Questions: Causal Inference and the Identification Problem
3 questions to test your understanding
Score: 0 / 3
Question 1 Multiple Choice
A study finds a strong positive correlation between the number of hospitals in a city and its death rate. A researcher controls for city size and still finds the relationship. What is the most likely explanation?
AHospitals cause death — patients should avoid them
BSelection bias: sicker people travel to cities with more hospitals, so the correlation reflects who chooses to go there, not the effect of hospitals on health
CThe regression controls have solved the identification problem
DCity size is the only confounder, so the controlled estimate is causal
This is a classic selection bias example. People who are severely ill seek out cities with major medical centers. The association picks up who selects into treatment (going to a hospital-dense city), not the causal effect of hospitals. Even with controls, if unobserved illness severity drives both location choice and death risk, the estimate remains confounded.
Question 2 True / False
Adding more control variables to a regression generally gets you closer to estimating a causal effect.
TTrue
FFalse
Answer: False
Controls help only when they block backdoor paths between treatment and outcome. Controlling for a 'bad control' — a variable that is itself caused by the treatment, or a collider — can introduce new bias and move the estimate further from the truth. Identification is about the source of variation in the regressor, not the number of variables in the model.
Question 3 Short Answer
Why do economists rely on 'natural experiments' rather than simply adding more control variables to estimate causal effects?

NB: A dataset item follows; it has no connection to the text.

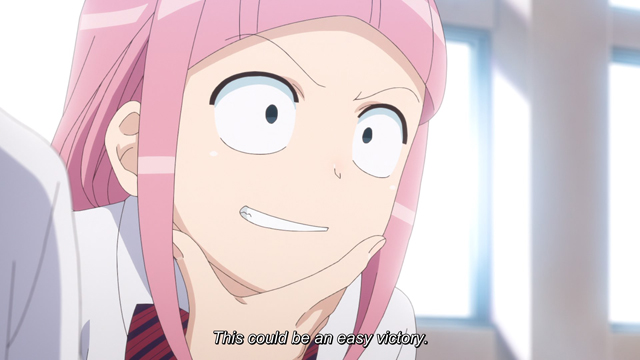 Anime-Time-Komi-san-wa-Comyushou-desu-04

Think about your answer, then reveal below.
Model answer: Natural experiments provide quasi-random variation in the treatment — like a policy that affected only one group — which breaks the link between treatment and unobserved confounders. Controls alone cannot eliminate bias from variables that were never measured.
The fundamental identification problem is that unobserved variables may simultaneously affect treatment status and the outcome. No set of observed controls can block these unobserved backdoor paths. A natural experiment (e.g., a lottery, a policy cutoff, a geographic boundary) generates variation in treatment that is, by design or circumstance, unrelated to potential outcomes — making the 'as-good-as-random' assumption defensible.